Let $T$ be the set of all Turing machines.
Let $B = \{ (e,x, y) \in T \times \{0,1\}^* \times \mathbb{N} : e(x) \text{ halts in $y$ steps}\}$, and define $C = \{e \in T : \forall x \in \{0,1\}^*, \; \exists y \in \mathbb{N}, \; (e, x, y) \in B]$.
We start by proving $\text{TOT}=C$.
If $e \in \text{TOT}$ then, $\forall x \in \{0,1\}^*$, $e(x)$ halts. Let $y_x$ be the number of steps needed for $e(x)$ to halt. Then $ \forall x \in \{0,1\}^*$ there is a choice of $y \in \mathbb{N}$, namely $y = y_x$, such that $(e,x,y) \in B$, showing that $e \in C$ and hence $\text{TOT} \subseteq C$.

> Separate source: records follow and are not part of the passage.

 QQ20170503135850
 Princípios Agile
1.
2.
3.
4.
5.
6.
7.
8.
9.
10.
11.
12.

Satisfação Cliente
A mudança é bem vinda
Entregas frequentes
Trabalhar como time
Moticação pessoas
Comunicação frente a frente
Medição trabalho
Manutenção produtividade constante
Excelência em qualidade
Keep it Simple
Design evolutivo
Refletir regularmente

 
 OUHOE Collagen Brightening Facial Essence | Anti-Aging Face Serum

If $e \not\in \text{TOT}$, then $\exists x \in \{0,1\}^*$ such that $e(x)$ does not halt. Then $\exists x$, such that $\forall y \in \mathbb{N}$, $(e, x, y) \not\in B$, showing that if is false that $\forall x \in \{0,1\}^*, \exists y \in \mathbb{N}$ such that $(e, x, y) \in B$. As a consequence $e \not\in C$ implying $\text{TOT} \supseteq C$.
It remains to show that $B$ is computable.

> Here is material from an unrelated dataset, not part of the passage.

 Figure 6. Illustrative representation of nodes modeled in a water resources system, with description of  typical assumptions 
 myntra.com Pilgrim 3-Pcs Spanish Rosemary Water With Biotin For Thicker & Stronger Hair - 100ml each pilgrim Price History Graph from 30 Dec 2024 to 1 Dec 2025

To decide whether any given triple $(e, x,y) \in T \times \{0,1\}^* \times \mathbb{N}$ belongs to $B$ it suffices to consider a Turing machine $T'$ that simulates $e(x)$ for $y$ steps. If $e(x)$ halts, then $T'$ accepts. Otherwise, if $e(x)$ does not halt by the end of the $y$-th step, $T'$ rejects.